The output after running the shell script will be ID = 3661

My problem is I don't know how to develop the programming algorithm in shell script.

Heres what i try by using ID_new and ID_previous variable but ID_previous=$(ID_new) detection_previous=$(detection_new) are not working

input="/tmp/log.txt"
ID_previous=""
detection_previous=""
while IFS= read -r line
do
    ID_new=$(echo "$line" | grep "ID =" | awk -F " " '{print $3}')
    echo $ID_new
    detection_new=$(echo "$line" | grep "detection_time =" | awk -F " " '{print $3}')
    echo $detection_new
    ID_previous=$(ID_new)
    detection_previous=$(detection_new)
done < "$input"

EDIT log.txt actually the data is in a set contain ID, detection_time, Age and Height. Sorry for not mention this in the first place

ID = 4231
detection_time = 1595556730 
Age = 25
Height = 182
ID = 3661
detection_time = 1595556731
Age = 24
Height = 182
ID = 2654
detection_time = 1595556732
Age = 22
Height = 184    
ID = 3661
detection_time = 1595556733
Age = 27
Height = 175
ID = 3852
detection_time = 1595556734
Age = 26
Height = 156
ID = 4231
detection_time = 1595556735 
Age = 24
Height = 184

I've tried the Awk solution. the result is 4231 3661 2654 3852 4231 which are all the IDs in the log.txt The correct output should be 4231 3661

From this, I think Age and Height data might affect to the Awk solution because its inserted between the focused data which are ID and detection_time.


Solution

  • Assuming the time stamps in the log file are increasing monotonically, you only need a single pass with Awk. For each id, keep track of the latest time it was reported (use an associative array t where the key is the id and the value is the latest timestamp). If you see the same id again and the difference between the time stamps is less than 15, report it.

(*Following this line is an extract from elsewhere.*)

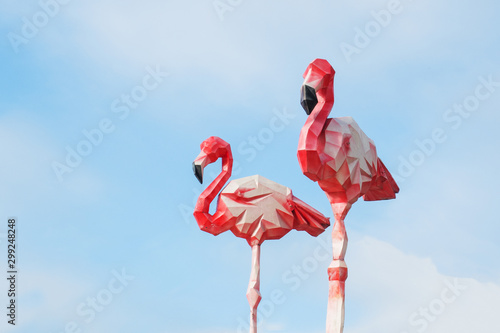 Cardboard Flamingo decoration against the blue sky.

    For good measure, keep a second array p of the ones we have already reported so we don't report them twice.

    awk '/^ID = / { id=$3; next }
        # Skip if this line is neither ID nor detection_time
        !/^detection_time = / { next }
        (id in t) && (t[id] >= $3-15) && !(p[id]) { print id; ++p[id]; next }
        { t[id] = $3 }' /tmp/log.txt
    

    If you really insist on doing this natively in Bash, I would refactor your attempt to

    declare -A dtime printed
    while read -r field _ value
    do
        case $field in
         ID) id=$value;;
         detection_time)
          if [[ dtime["$id"] -ge $((value - 15)) ]]; then
              [[ -v printed["$id"] ]] || echo "$id"
              printed["$id"]=1
          fi
          dtime["$id"]=$value ;;
        esac
    done < /tmp/log.txt
    

    Notice how read -r can easily split a line on whitespace just as well as Awk can, as long as you know how many fields you can expect. But while read -r is typically an order of magnitude slower than Awk, and you'll have to agree that the Awk attempt is more succinct and elegant, as well as portable to older systems.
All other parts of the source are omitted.